Refresh a CSV dataset

Ivan_Eulaers · July 7, 2022, 8:22am

My dataset consists of a CSV file that I loaded on S3. But this CSV file is not yet final, and as soon as I add a new column to the CSV file, I cannot refresh the dataset. I then have to start all over again with creating a new dataset, but especially with creating a new analysis.

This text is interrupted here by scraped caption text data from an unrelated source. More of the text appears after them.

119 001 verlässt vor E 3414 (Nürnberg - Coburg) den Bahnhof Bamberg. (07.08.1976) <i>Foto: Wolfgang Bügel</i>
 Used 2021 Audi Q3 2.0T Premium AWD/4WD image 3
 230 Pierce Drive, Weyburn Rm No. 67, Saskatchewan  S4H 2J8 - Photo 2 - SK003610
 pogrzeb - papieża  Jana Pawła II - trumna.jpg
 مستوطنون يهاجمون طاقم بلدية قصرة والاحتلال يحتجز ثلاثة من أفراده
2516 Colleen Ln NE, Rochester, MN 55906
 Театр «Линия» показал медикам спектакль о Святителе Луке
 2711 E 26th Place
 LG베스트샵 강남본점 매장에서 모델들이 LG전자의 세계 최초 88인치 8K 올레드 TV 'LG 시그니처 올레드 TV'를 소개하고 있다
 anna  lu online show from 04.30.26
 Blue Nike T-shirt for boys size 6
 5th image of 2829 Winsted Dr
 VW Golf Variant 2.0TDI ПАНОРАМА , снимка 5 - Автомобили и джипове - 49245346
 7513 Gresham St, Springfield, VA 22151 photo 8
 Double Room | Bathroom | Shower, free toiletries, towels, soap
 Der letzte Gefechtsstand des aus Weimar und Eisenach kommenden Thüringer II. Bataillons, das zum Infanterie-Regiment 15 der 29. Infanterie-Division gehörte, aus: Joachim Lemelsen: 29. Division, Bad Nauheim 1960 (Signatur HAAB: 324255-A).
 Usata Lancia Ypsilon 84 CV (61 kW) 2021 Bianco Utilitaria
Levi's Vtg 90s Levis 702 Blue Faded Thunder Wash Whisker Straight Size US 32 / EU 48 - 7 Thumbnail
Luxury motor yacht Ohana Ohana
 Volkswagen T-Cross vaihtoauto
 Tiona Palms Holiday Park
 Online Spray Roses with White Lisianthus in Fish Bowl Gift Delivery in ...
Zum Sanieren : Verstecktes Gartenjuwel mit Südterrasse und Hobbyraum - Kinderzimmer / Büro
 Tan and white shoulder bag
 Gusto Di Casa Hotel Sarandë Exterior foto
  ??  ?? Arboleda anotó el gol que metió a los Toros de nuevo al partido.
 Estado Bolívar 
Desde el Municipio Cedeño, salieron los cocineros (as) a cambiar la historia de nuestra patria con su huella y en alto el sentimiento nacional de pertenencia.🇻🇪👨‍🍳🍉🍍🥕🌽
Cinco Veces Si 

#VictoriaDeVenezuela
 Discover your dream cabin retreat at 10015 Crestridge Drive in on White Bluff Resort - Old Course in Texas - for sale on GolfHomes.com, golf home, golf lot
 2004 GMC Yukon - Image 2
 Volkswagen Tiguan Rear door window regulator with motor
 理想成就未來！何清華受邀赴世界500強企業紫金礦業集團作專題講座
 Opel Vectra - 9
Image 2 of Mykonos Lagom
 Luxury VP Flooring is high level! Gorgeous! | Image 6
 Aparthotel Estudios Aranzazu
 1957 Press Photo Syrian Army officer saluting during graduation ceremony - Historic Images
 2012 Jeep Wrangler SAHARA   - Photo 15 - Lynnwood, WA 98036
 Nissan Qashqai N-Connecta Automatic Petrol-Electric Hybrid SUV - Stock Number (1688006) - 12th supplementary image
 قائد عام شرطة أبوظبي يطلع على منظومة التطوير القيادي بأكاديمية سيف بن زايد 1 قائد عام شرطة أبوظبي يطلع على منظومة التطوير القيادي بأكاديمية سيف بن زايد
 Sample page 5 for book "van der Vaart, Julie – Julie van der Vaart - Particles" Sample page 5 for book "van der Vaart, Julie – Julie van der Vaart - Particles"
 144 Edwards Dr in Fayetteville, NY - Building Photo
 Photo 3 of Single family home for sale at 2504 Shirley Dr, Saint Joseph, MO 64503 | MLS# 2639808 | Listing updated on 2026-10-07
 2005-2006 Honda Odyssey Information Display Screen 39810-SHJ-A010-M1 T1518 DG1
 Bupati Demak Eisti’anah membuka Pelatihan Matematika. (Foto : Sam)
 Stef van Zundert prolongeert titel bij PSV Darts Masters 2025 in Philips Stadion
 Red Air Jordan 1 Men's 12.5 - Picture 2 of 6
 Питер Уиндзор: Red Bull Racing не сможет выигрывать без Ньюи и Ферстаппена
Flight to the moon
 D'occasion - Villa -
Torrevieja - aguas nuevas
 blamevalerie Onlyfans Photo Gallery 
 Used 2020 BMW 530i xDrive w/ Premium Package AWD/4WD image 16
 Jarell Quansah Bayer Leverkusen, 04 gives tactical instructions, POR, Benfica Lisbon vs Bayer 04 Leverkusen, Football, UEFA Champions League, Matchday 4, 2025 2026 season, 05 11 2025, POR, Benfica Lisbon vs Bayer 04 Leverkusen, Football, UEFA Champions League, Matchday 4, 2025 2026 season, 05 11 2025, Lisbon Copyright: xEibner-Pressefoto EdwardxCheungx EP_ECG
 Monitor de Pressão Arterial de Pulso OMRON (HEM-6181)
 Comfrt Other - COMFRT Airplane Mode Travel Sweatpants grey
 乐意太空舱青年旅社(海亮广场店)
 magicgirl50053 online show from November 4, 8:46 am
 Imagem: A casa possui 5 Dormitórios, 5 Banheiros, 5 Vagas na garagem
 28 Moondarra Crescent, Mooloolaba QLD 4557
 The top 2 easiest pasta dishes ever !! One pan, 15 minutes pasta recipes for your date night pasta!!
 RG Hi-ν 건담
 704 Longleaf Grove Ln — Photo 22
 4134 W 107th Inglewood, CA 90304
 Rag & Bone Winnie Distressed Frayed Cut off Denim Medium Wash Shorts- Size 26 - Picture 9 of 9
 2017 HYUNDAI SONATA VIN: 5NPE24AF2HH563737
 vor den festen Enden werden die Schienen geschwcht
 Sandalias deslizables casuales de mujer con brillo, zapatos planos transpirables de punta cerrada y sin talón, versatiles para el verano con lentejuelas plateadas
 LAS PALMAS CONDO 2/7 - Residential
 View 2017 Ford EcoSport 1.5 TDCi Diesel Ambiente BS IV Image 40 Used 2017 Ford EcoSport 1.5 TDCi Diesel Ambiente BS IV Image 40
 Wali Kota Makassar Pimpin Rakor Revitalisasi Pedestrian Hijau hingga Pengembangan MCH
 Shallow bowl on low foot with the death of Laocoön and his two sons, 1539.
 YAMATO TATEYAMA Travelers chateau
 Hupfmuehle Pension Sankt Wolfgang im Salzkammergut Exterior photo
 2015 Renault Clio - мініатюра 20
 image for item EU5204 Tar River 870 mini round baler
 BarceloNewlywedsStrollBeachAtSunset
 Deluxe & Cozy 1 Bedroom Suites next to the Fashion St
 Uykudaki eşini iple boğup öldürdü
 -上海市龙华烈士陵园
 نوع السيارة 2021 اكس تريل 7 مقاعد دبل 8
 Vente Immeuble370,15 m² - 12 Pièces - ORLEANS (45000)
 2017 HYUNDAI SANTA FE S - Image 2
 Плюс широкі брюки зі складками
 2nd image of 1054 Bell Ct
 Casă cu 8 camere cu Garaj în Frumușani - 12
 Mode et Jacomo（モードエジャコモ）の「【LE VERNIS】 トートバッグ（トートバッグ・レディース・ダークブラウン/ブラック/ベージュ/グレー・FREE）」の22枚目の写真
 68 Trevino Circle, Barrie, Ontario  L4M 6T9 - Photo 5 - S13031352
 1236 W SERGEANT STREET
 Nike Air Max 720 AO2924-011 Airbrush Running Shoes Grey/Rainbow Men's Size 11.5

How can I solve this? This bothers me immensely. I read somewhere that I should first import the CSV into RedShift and then it would work. Is this the only solution?

Example

name;date;balance
JOHN DOE;2022-01-01;100
JOE SIXPACK;2022-01-01;500

My json manifest file

{
    "fileLocations": [
        {
            "URIs": [
                "s3://bucket-name/probie.csv"
            ]
        }
    ],
    "globalUploadSettings": {
        "format": "CSV",
        "delimiter": ";",
        "containsHeader": "true"
    }
}

After creating the analysis with all the necessary graphs and data, I notice that I need some additional info. I create a new CSV with an additional column.

name;date;balance;new
JOHN DOE;2022-01-01;100;20
JOE SIXPACK;2022-01-01;500;30

But by adding this extra column, I have to start all over again with a new dataset. But most importantly, I have to recreate the analysis again. This is sometimes a work of several days.

Is there really no better solution?

Ivan

Koushik_Muthanna · July 7, 2022, 3:15pm

Hi Ivan,

I had posted a solution which you can test when the schema in your file is changing : Dataset from an S3 folder, cannot add new columns on latest CSV file - #7 by Koushik_Muthanna

Regards,
Koushik